How To Overcome Emotional Sensitivity

Written by Amy Morin
A psychotherapist, psychology instructor, keynote speaker, and the author of the bestselling book 13 Things Mentally Strong People Don't Do

Highly sensitive people tend to get their feelings hurt easily. Their fear of failure may make them less likely to take risks, and their heightened emotions may cause relationship problems. If you’re a highly sensitive person, take these six steps to overcome your emotional sensitivity.

1. What Am I Feeling?

Identifying your real feelings is an important first step in overcoming emotional sensitivity. Determine whether you are feeling disappointed, sad, angry, or something else. Once you have clearly labeled the emotion, you can begin to uncover the reasons you feel this way and what you can do about it.

2. Why Do I Feel This Way?

Ask yourself why you feel the way you do. For example, did you have high expectations for how something would turn out and then became upset when it didn’t turn out the way you wanted? Or did someone say something to you that you found offensive?

Identify exactly what caused you to feel sensitive and why it made you feel that way. Often, unmet needs and unmet expectations lead to hurt feelings.

3. What Would I Say To My Friend Who Had This Problem?

Most people are much kinder to others than they are themselves. Ask yourself what you would say if your best friend approached you with a similar issue. If you’re blaming yourself or exaggerating how bad a situation is, it can be helpful to listen to the sound advice you would offer a friend.

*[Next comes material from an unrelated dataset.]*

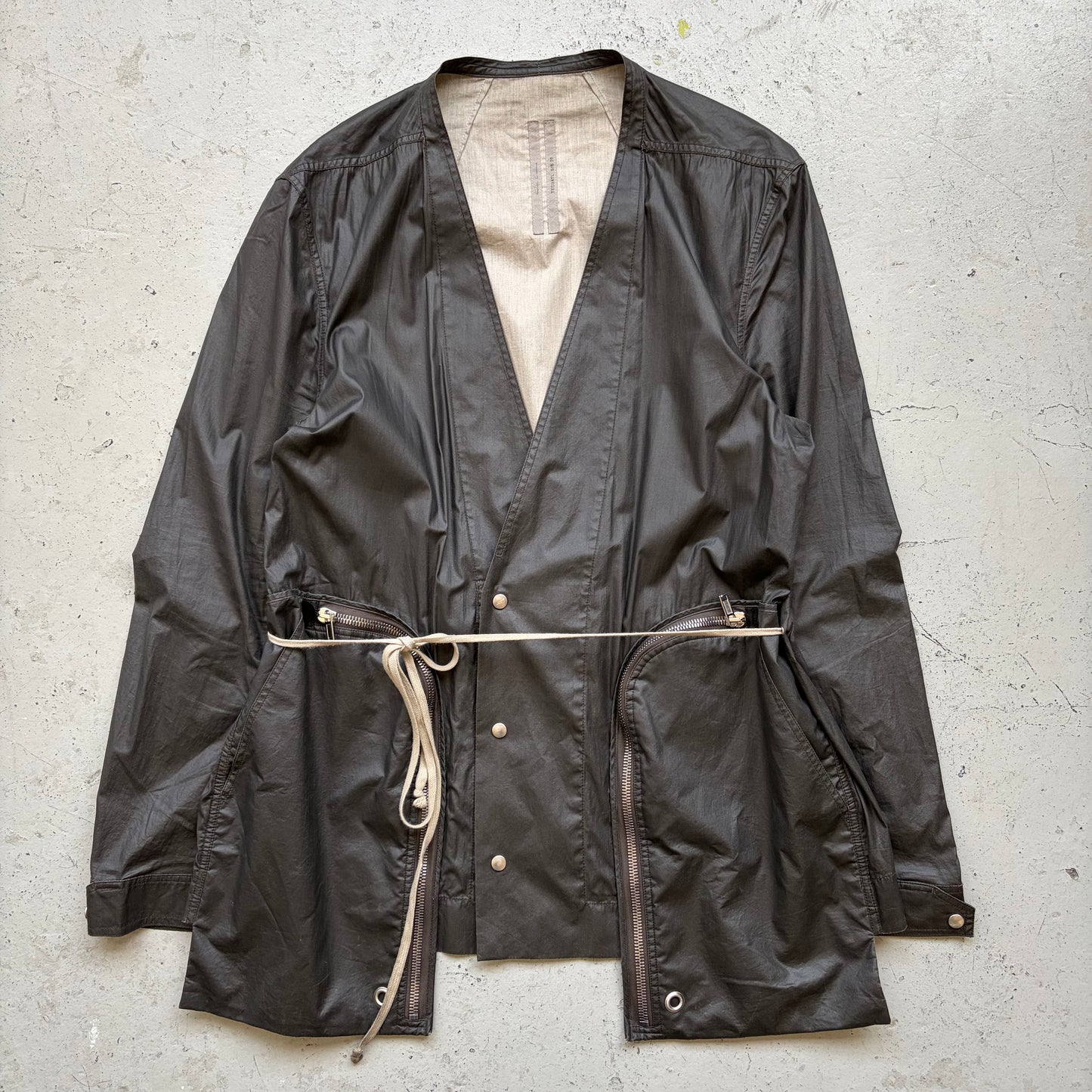 Rick Owens SS20 TECAUTL Black Waxed Bauhaus Jacket (54)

For example, if you find yourself thinking, “No one at work likes me,” ask what you would say to your friend who came to you with that problem. It’s likely you might say something such as, “I’m sure some people at the office do you like you. Just because you didn’t get approval for that project doesn’t mean everyone at the office dislikes you.” Then, use those kind words on yourself.

4. Should I Address This Or Let It Go?

Determine if the situation needs to be addressed, or if you are better off to let it go. If your feelings are seriously hurt by a good friend or close family member, not addressing it can lead to anger and resentment. In those cases, you may need to talk to the person in a calm, diplomatic manner to clear the air.

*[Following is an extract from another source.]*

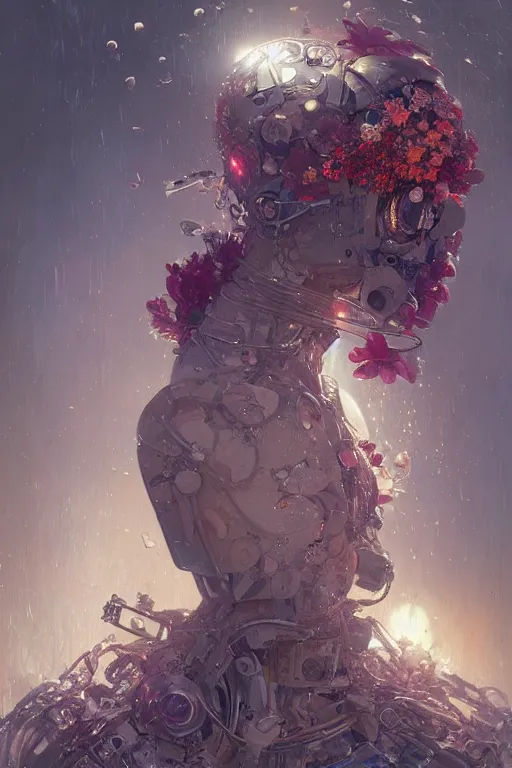 Prompt: ultra realistic, robot broken woman lying flower garden, cyberpunk, sci - fi, fantasy, intricate, elegant, highly detailed, digital painting, artstation, concept art, smooth, sharp focus, illustration, art by artgerm and greg rutkowski and alphonse mucha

There may be other times when you discover that you are best to just let things go. If you felt slighted by a co-worker or annoyed that a friend didn’t call you, you may be able to recognize that bringing it up may make things worse. Instead, you can decide to let go of your hurt feelings.

5. What Can I Tell Myself To Feel Better?

Highly sensitive people tend to be hard on themselves and others. Changing the way you think about a situation can change the way you feel. For example, if your thoughts are focused on how unfair your boss is or how mean your sister is, you’re likely going to continue to feel bad.

However, replacing those thoughts with healthier, more balanced thoughts, can help you feel better. Try reminding yourself that everyone makes mistakes and accept the fact that others will hurt your feelings at times.

6. What Can I Do To Feel Better?

Changing your behavior can also change how you feel. Try doing something positive that will help you feel better. Practice coping skills such as going for a walk, calling a friend, or participating in a hobby. Doing something enjoyable can get your mind off things.

Once you feel better, it may be easier to look at the situation another way. When you’re calm, you may be able to see that your mother didn’t set out to hurt your feelings on purpose or that you aren’t at fault for an issue at work. Taking a break from the problem can give you much-needed perspective.